Je vais au vestiaire, déçue. M’interroge :
pourquoi es-tu toujours si curieuse des autres ?
Je suis déçue oui. Pour la dame aux chaussures rouges et pour mon histoire envolée. Mon histoire en volées. Mon histoire volée ? Mais je m’attendais à quoi ? J’aurais fait quoi à la place de la dame aux chaussures rouges ? Je ne sais pas en fait. Je me dis : si je LES croise, elle ou lui, je les invite, pour qu’il ou elle me raconte. Allez, de toute façon, je suis décalée, autant l’assumer ! Soit il ou elle rit et répond, soit il ou elle se sauve devant tant de bizarreries ! Perdue dans mes pensées, je récupère mes affaires au casier du Palais. Prends mon blouson, m’attarde, trouve des prétextes pour attendre encore. Je prépare mon ticket de métro, mon écharpe… je prends mon sac, le mets à l’épaule, fais un pas. Et… je LE croise. Je passe ma route. Hésite. Il n’est pas ma quête, il est celle d’une autre…. Je me retourne. Le regarde. Il est de dos. Prend ses affaires. Je repars… et stoppe net. Je pense à la déception des chaussures rouges. Par solidarité féminine, je décide que je lui doit bien ça, à elle qui a nourri mon imaginaire… Et puis… égoïstement : un bel article pour décalaj à portée de clavier… Une histoire de rencontres sur une exposition en mode de « déclaration d’amour »… c’est original ! Je ne veux pas passer à côté, j’ai peut être assisté à un vrai début d’histoire d’amour ! Peut-être que grâce à moi, ils se retrouveront ! Je m’anime, je m’amuse, me motive et jubile…. : « Allez ! C’est maintenant ou jamais !». Je l’aborde le coeur battant… : « Excusez moi, ça vous dirait d’aller prendre un verre ? »

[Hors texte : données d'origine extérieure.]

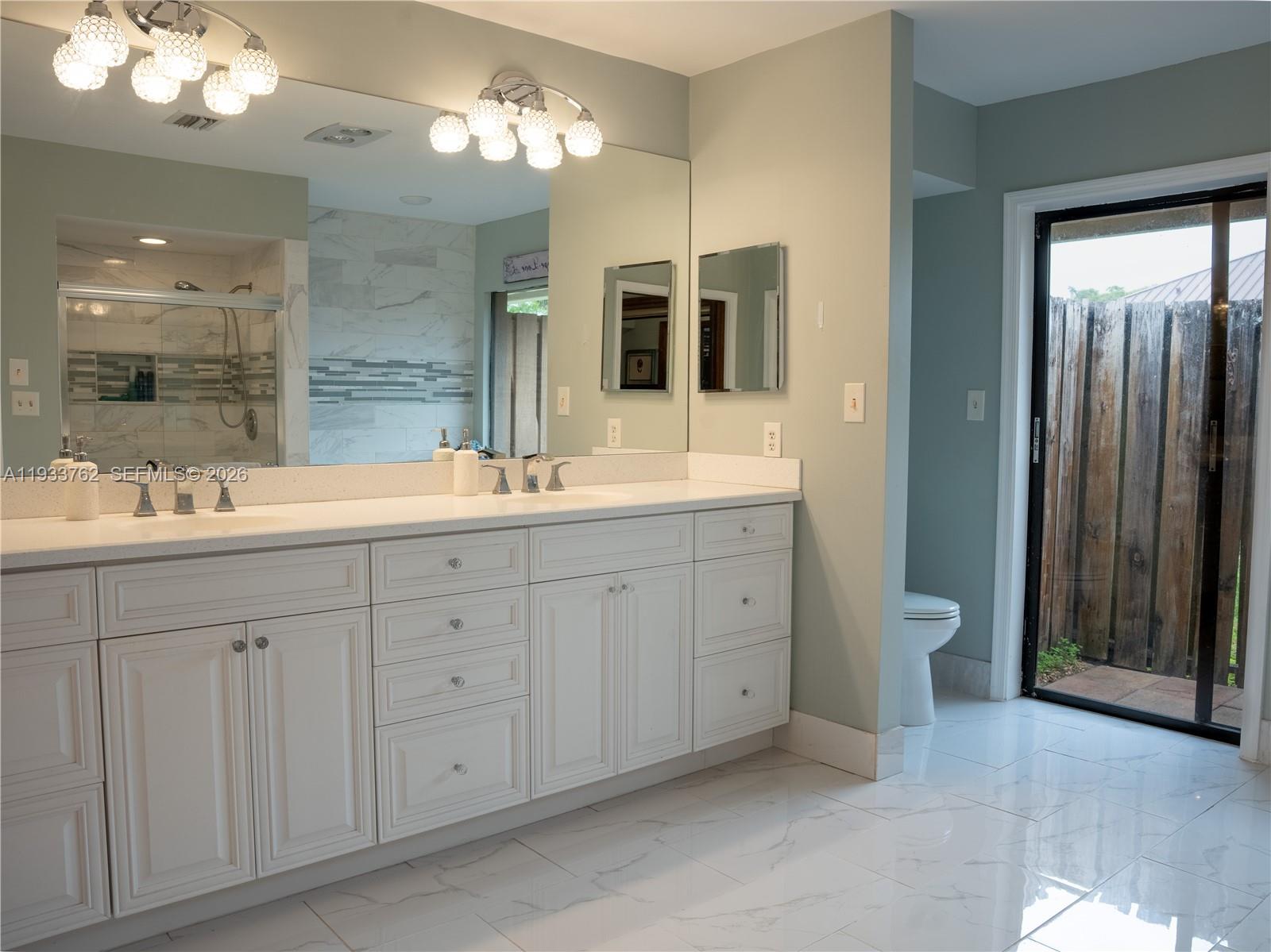 THE LINKS - Residential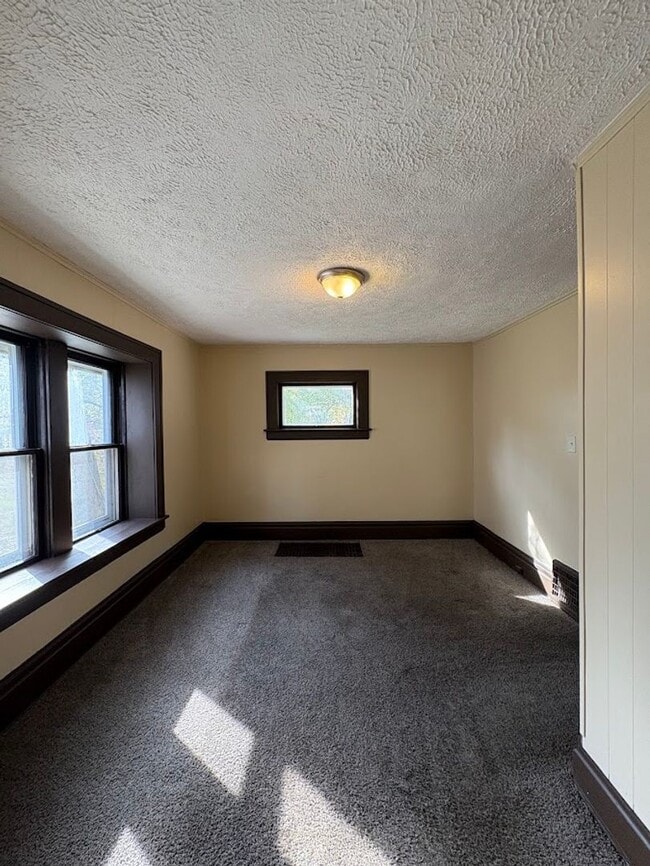 Building Photo - Three bedroom one bathroom home for rent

Il est interloqué, rougissant : « Quoi ? Maintenant ?» Engageante, je précise avec malice : « Ben oui je crois….». Et lui : « Ç’aurait été avec plaisir mais là, tout de suite, je dois filer… à l’escalade. » Je me dis : sportif donc. Et aussi, 33 ans au moins. Dommage. Je lui dis : « Tant pis. Une autre fois peut être ? » Je souris et me sauve. Je me sens ridicule d’un seul coup. La dame ou moi, quelle importance ? Ne sommes-nous pas ridicules ? Je ne sais pas au fond. C’était quand même palpitant, à quoi ça sert ? A part se sentir vivant à chercher un regard ou une attention ? Je quitte le Palais de Tokyo. Me dis que j’aurais pu lui proposer « demain ?» Que les chaussures rouges auraient pu avoir ce réflexe ? Que lui aussi aurait pu… Qu’il ne l’a pas fait. J’espère un peu qu’il va me suivre. Il ne le fait pas. Je repense à sa gêne : qu’a-t-il pensé ? Était-il surpris ? Flatté ? Peut-être était-il étonné de tant d’audace ? Voilà la station de métro. J’ai marché en prenant tout mon temps et il ne m’a rattrapée… Tout de même, je suis heureuse de cette aventure, même sans aventure…

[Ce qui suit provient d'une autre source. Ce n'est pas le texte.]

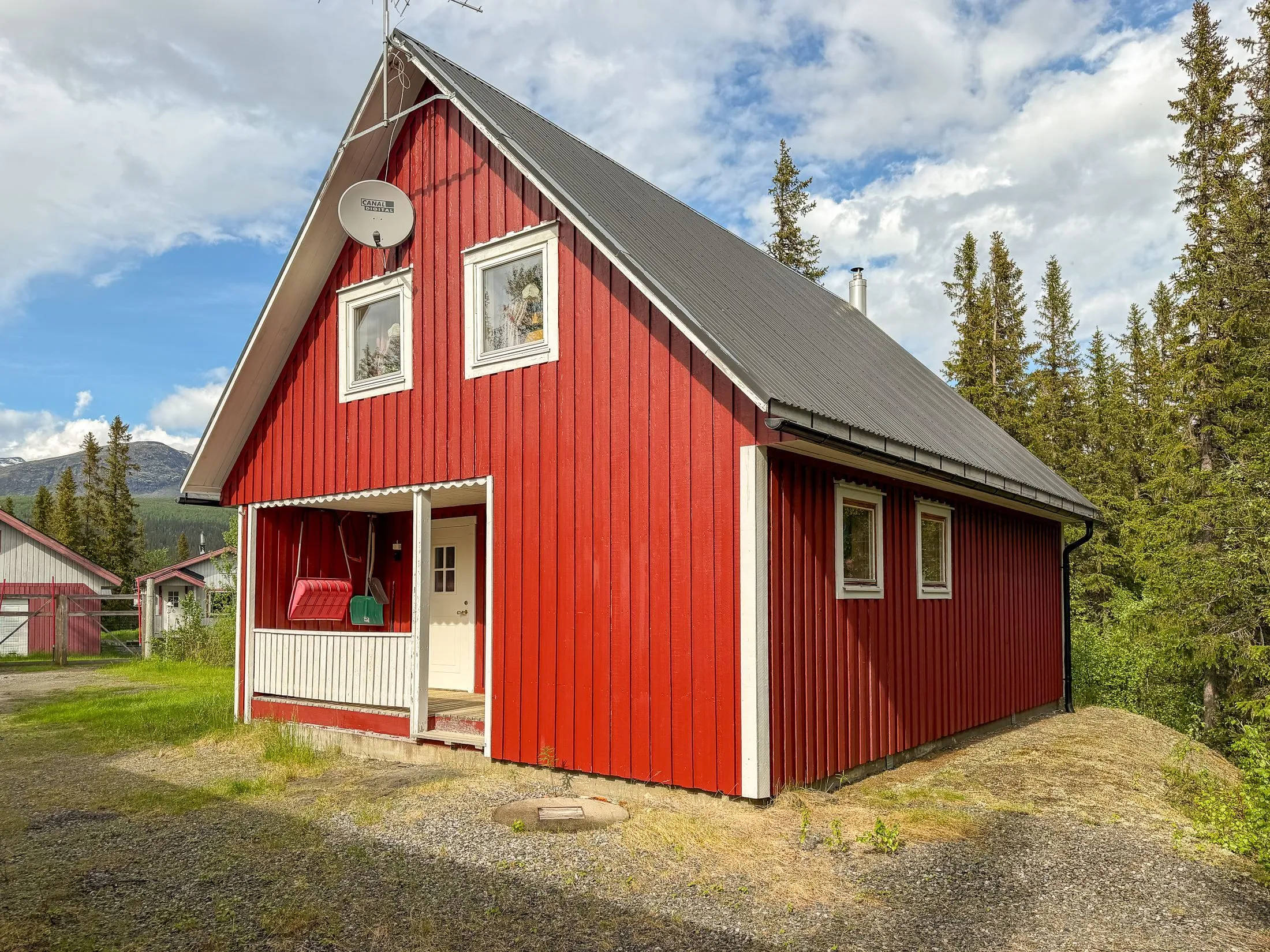 Affordable 4-Bedroom Country House on Expansive Lot in Vilhelmina, Sweden - View image 28 of 36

En entrant dans la rame de métro, je me dis : « Il ne m’a pas suivie parce qu’il est en train de prendre un thé avec les chaussures rouges et que, d’une certaine façon, il est bel et bien à l’escalade….»
Ceci s’est déroulé le 10 novembre 2015, trois jours avant les attentats parisiens… Paris sera toujours Paris, et nous fera toujours rêver à de belles histoires d’amour. J’espère que le tee-shirt gris et les chaussures rouges ont trouvé leur accord et l’amour. John Giorno a bien raison : « Don’t wait for anything. » Et son amour de nous le rappeler. Donc « Live, each day live, worldwide, live ».